╭─ Given data

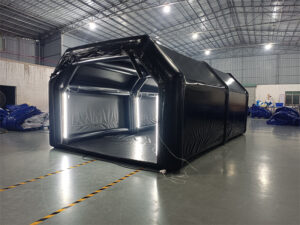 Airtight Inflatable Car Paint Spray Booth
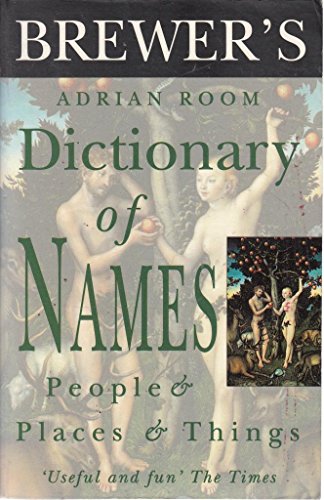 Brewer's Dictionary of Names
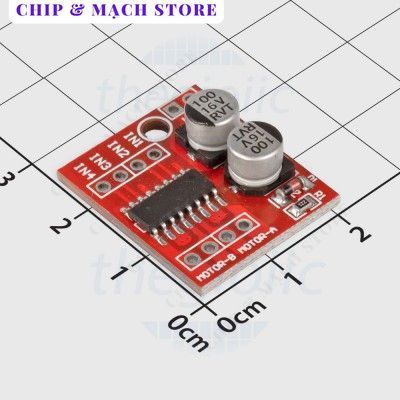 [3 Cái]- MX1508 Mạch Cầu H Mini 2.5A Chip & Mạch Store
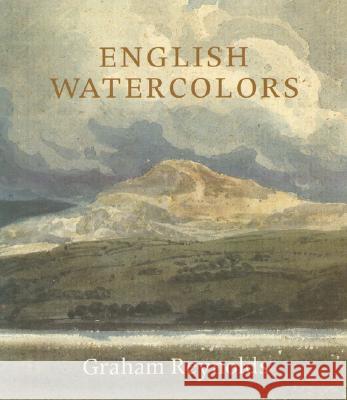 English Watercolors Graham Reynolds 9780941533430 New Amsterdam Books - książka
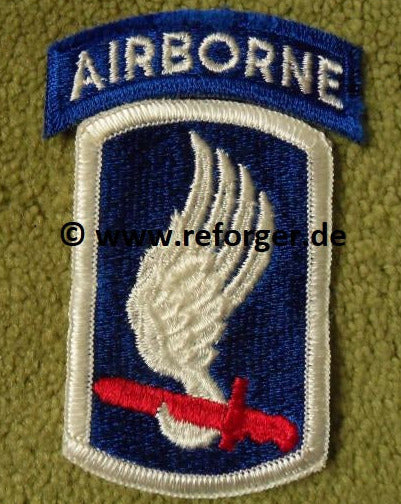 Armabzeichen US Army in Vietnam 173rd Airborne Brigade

╰─

● **What you will do**
When you print the entries, keep every line exactly as it is and drop the pictures.

● **Solution to the exercise**
 Airtight Inflatable Car Paint Spray Booth
 Brewer's Dictionary of Names
 [3 Cái]- MX1508 Mạch Cầu H Mini 2.5A Chip & Mạch Store
 English Watercolors Graham Reynolds 9780941533430 New Amsterdam Books - książka
 Armabzeichen US Army in Vietnam 173rd Airborne Brigade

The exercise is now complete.